◆ WHAT IS NEEDED
Leave out the pictures and retype, exactly, the lines below from the line with "Battista Agnese, PORTOLANSK" up to and including the line with "Paneled cotton twill", nothing more.

◆ GIVEN INFORMATION

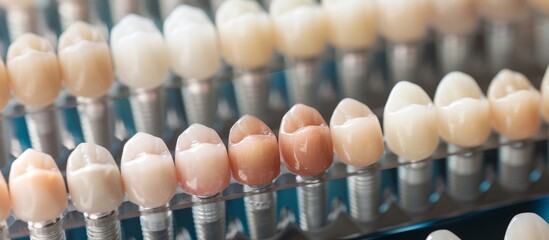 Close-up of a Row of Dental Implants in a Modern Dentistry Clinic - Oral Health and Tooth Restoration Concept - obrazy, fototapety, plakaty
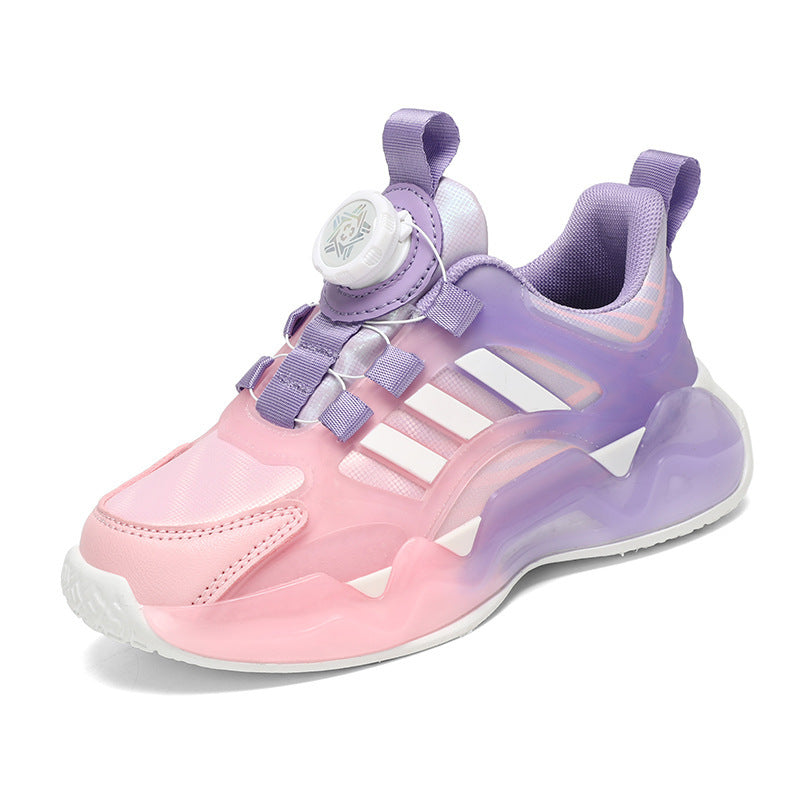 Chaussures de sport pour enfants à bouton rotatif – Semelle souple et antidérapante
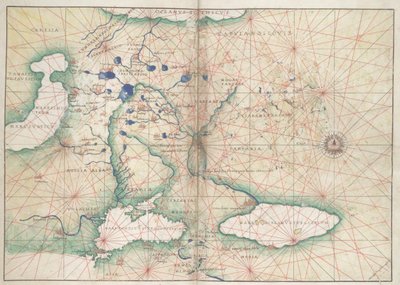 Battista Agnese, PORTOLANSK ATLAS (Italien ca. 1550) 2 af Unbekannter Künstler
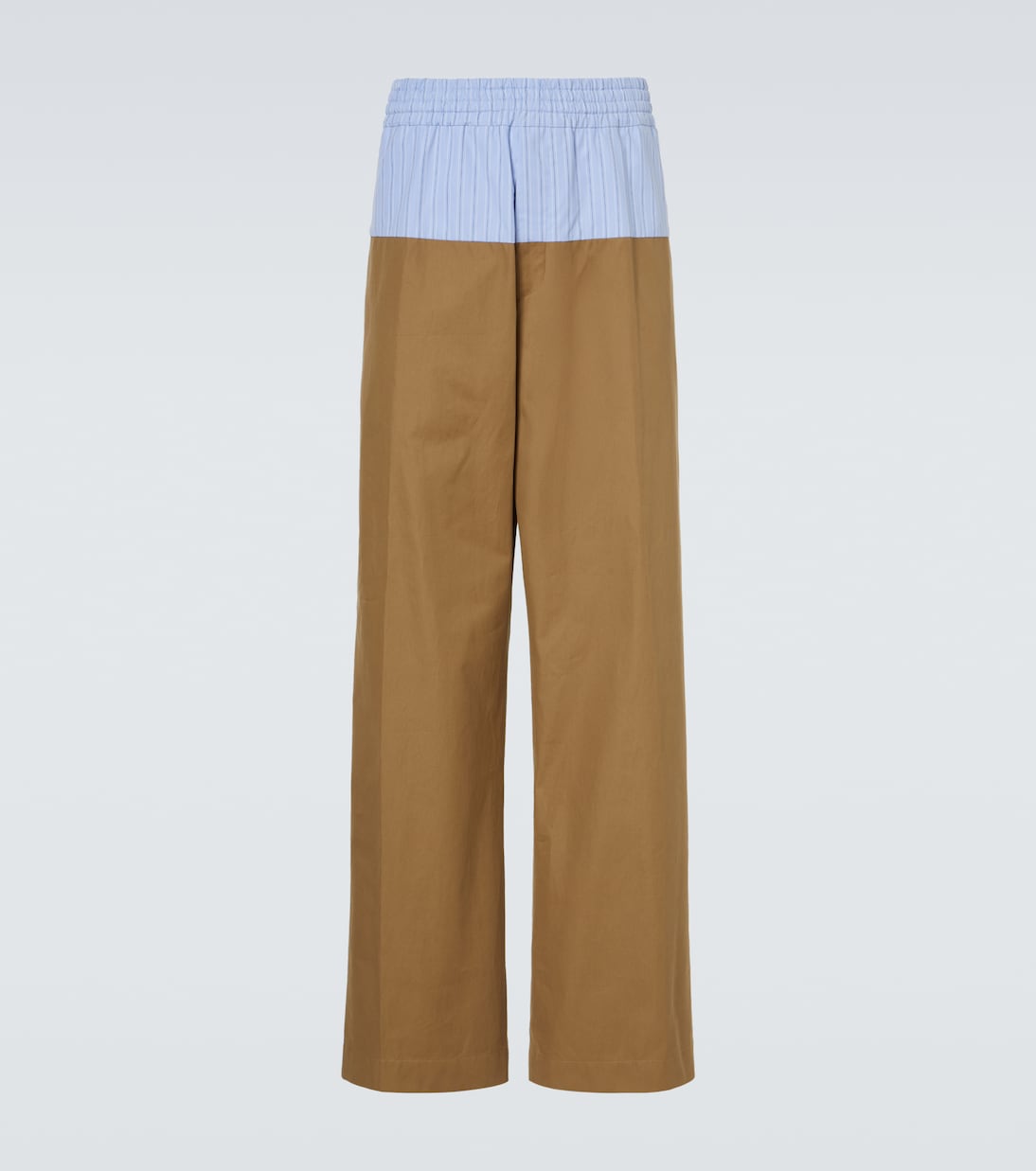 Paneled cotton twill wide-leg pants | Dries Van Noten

...

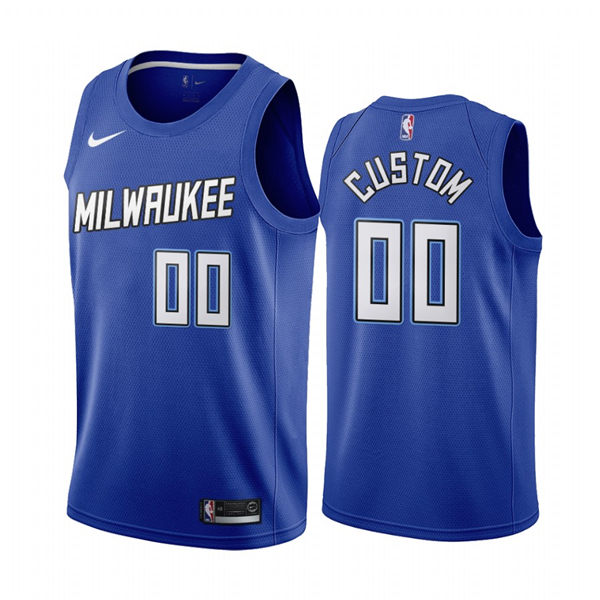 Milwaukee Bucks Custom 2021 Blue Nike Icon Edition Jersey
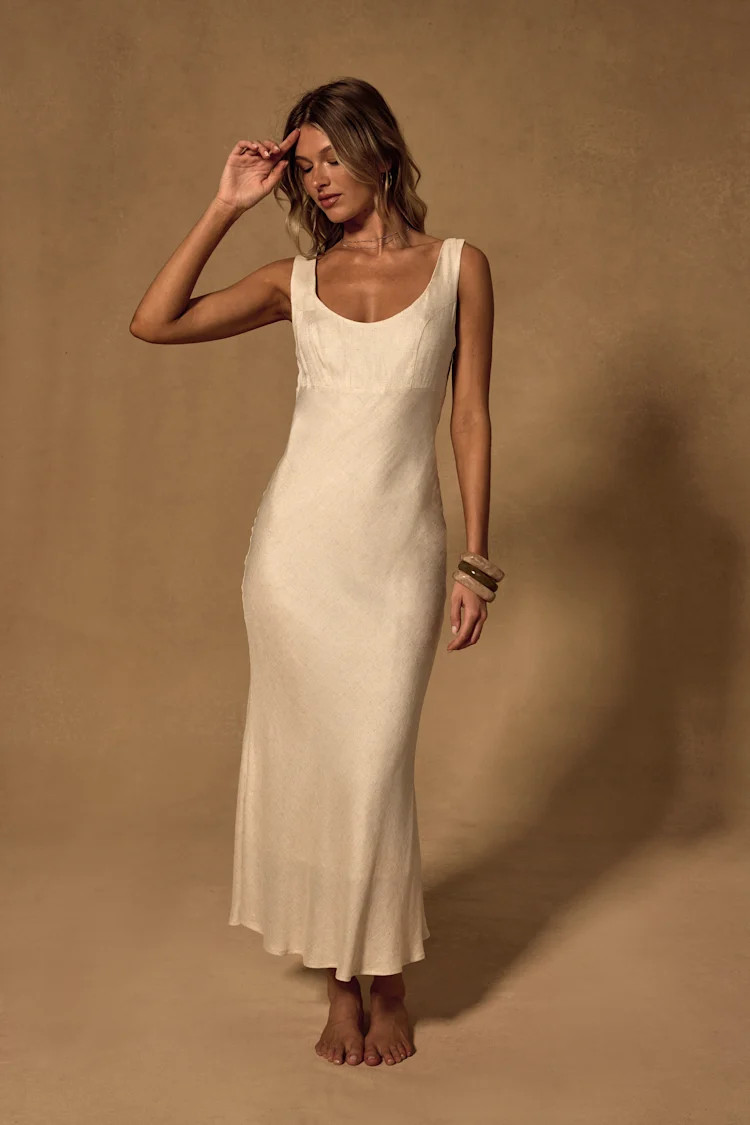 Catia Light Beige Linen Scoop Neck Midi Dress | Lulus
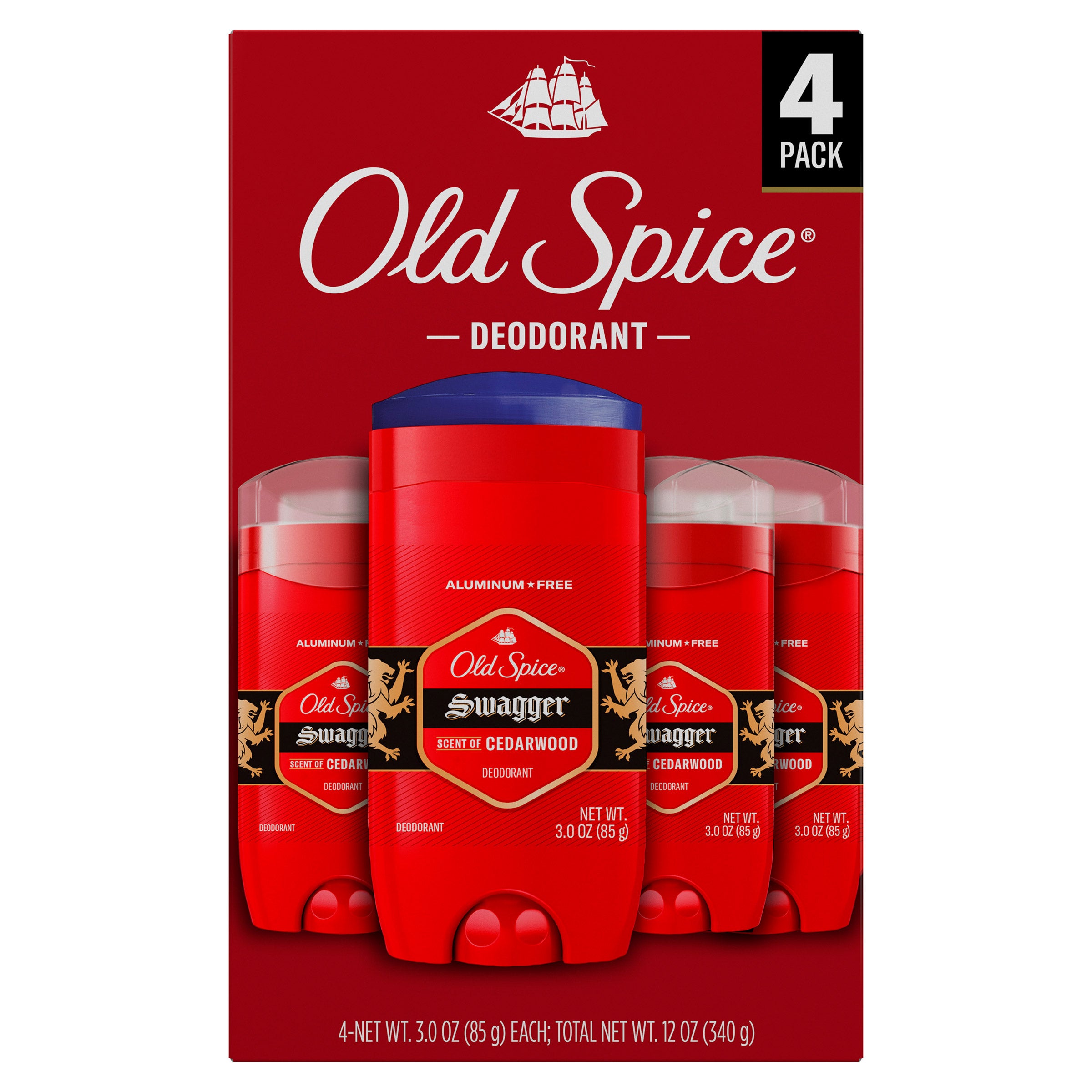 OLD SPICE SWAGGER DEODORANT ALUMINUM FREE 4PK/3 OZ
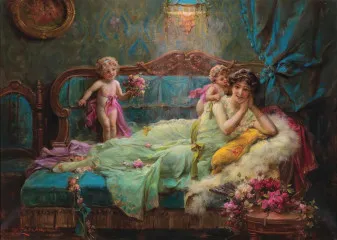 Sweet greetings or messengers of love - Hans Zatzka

◆ RESPONSE FOR THIS EXERCISE
 Battista Agnese, PORTOLANSK ATLAS (Italien ca. 1550) 2 af Unbekannter Künstler
 Paneled cotton twill wide-leg pants | Dries Van Noten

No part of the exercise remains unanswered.